* ABOUT THIS EXERCISE
Although the records contain pictures, none belong in the copy: restate word for word only the lines from the one with "Vera Bradley Wallet/Coin" through the one with "New 2026 Nissan Altima 2.5 SV FWD image 14", both included.

* DATASET EXCERPTS
/---

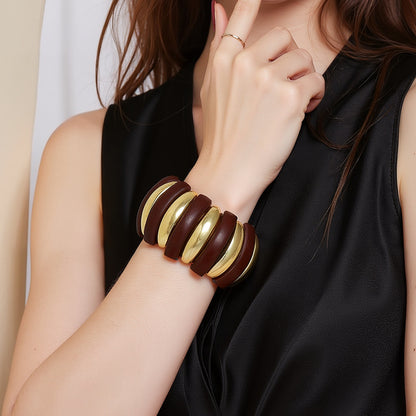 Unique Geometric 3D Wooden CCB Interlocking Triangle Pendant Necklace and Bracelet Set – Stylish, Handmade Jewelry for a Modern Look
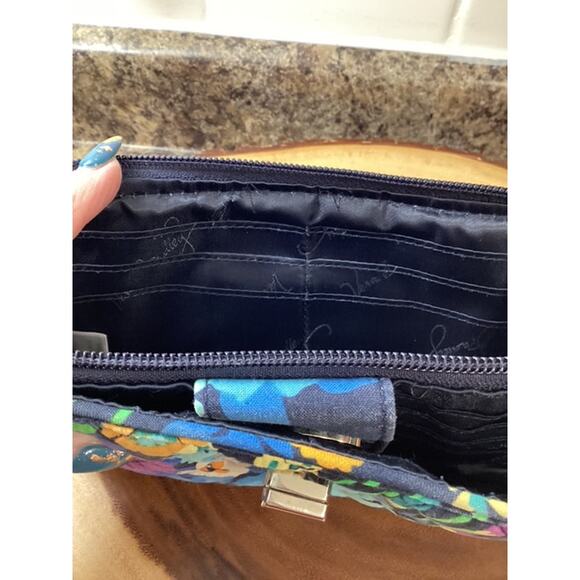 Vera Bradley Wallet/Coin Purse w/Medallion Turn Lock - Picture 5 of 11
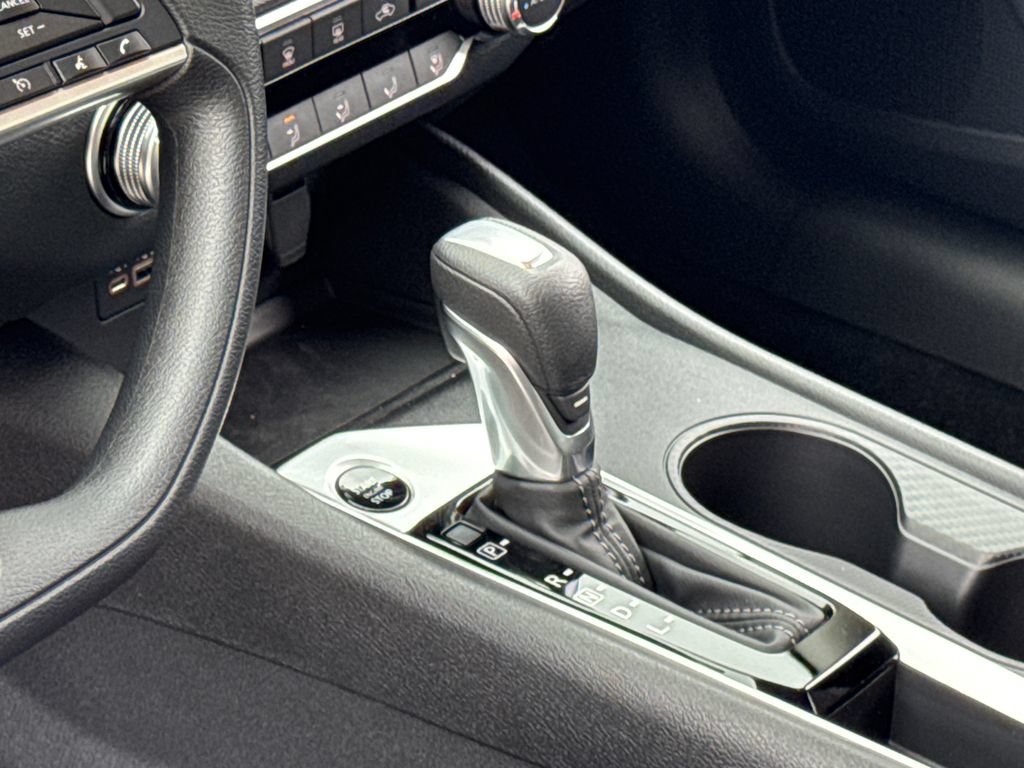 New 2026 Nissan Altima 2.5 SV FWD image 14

\---
/---

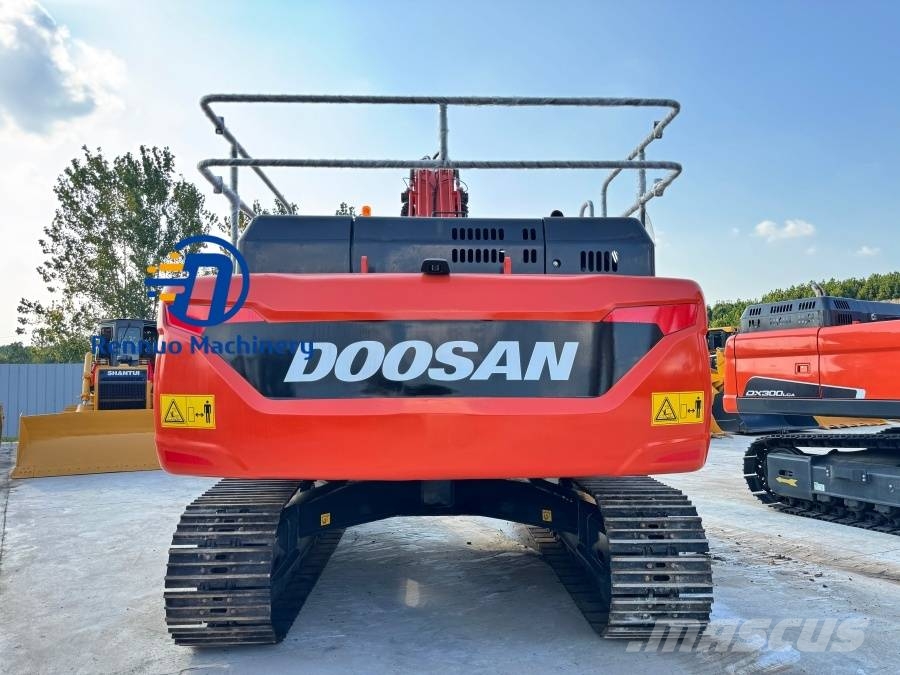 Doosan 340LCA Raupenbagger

\---

* TASK RESPONSE
 Vera Bradley Wallet/Coin Purse w/Medallion Turn Lock - Picture 5 of 11
 New 2026 Nissan Altima 2.5 SV FWD image 14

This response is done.